◆ TASK BRIEF ◆
Transcribe each line of the records below exactly, excluding any embedded images.

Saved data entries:
+===+

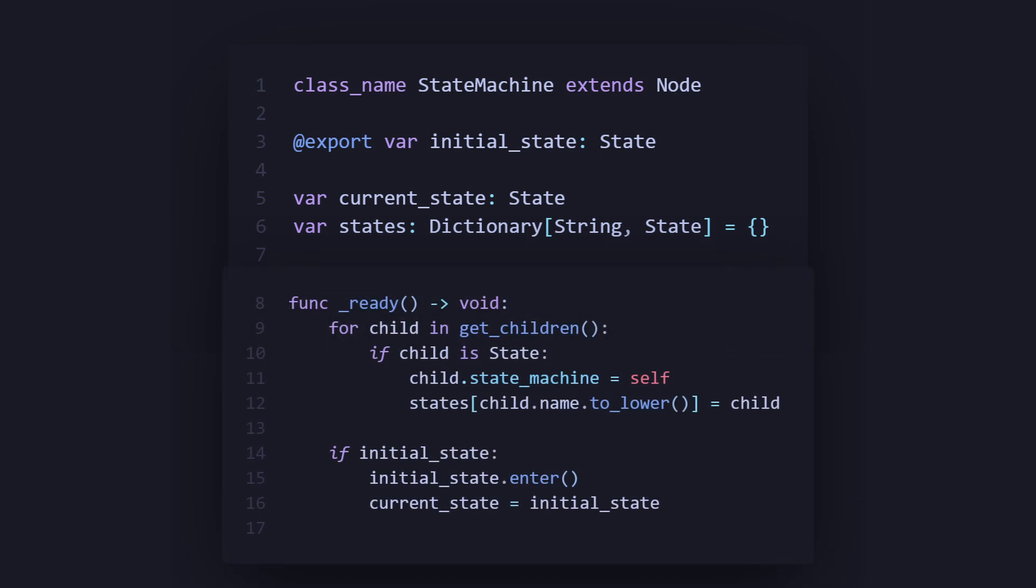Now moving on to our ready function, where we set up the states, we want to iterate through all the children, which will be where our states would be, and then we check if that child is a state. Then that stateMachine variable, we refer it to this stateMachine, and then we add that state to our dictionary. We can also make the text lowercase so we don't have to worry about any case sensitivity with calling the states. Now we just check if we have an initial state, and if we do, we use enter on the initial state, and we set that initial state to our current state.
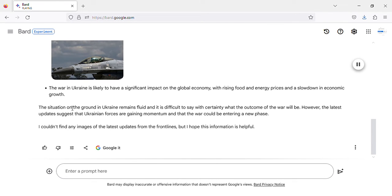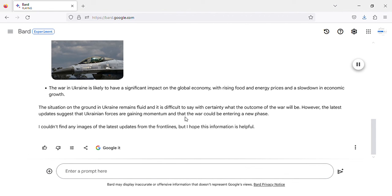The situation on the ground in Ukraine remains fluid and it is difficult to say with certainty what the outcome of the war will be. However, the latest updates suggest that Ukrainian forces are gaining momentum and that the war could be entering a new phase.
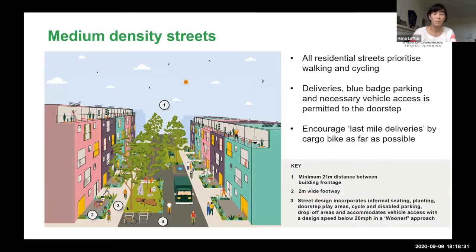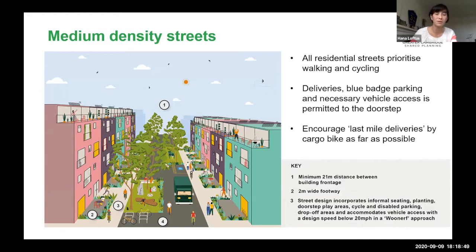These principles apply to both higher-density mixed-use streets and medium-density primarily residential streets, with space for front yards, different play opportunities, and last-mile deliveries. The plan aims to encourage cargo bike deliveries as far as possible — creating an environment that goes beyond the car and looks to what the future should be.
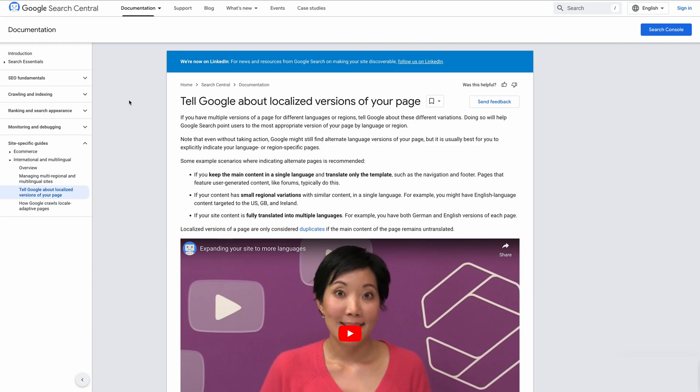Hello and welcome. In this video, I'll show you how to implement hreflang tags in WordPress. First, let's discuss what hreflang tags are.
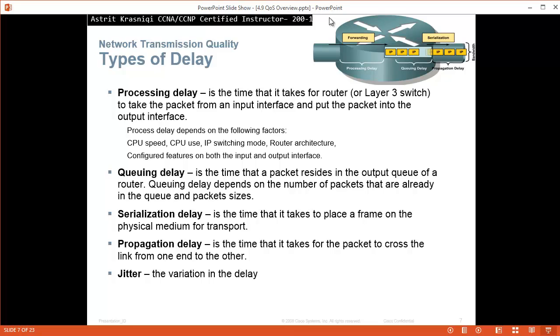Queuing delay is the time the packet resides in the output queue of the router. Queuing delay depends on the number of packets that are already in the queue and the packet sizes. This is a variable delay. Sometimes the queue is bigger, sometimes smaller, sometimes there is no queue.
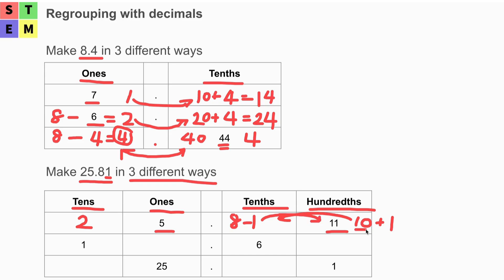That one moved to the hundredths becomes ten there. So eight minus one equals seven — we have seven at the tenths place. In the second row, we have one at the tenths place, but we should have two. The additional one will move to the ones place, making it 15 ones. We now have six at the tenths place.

+===+

◆ RESULT FOR THIS TASK ◆
Now moving on to our ready function, where we set up the states, we want to iterate through all the children, which will be where our states would be, and then we check if that child is a state. Then that stateMachine variable, we refer it to this stateMachine, and then we add that state to our dictionary. We can also make the text lowercase so we don't have to worry about any case sensitivity with calling the states. Now we just check if we have an initial state, and if we do, we use enter on the initial state, and we set that initial state to our current state.
The situation on the ground in Ukraine remains fluid and it is difficult to say with certainty what the outcome of the war will be. However, the latest updates suggest that Ukrainian forces are gaining momentum and that the war could be entering a new phase.
These principles apply to both higher-density mixed-use streets and medium-density primarily residential streets, with space for front yards, different play opportunities, and last-mile deliveries. The plan aims to encourage cargo bike deliveries as far as possible — creating an environment that goes beyond the car and looks to what the future should be.
Hello and welcome. In this video, I'll show you how to implement hreflang tags in WordPress. First, let's discuss what hreflang tags are.
Queuing delay is the time the packet resides in the output queue of the router. Queuing delay depends on the number of packets that are already in the queue and the packet sizes. This is a variable delay. Sometimes the queue is bigger, sometimes smaller, sometimes there is no queue.
That one moved to the hundredths becomes ten there. So eight minus one equals seven — we have seven at the tenths place. In the second row, we have one at the tenths place, but we should have two. The additional one will move to the ones place, making it 15 ones. We now have six at the tenths place.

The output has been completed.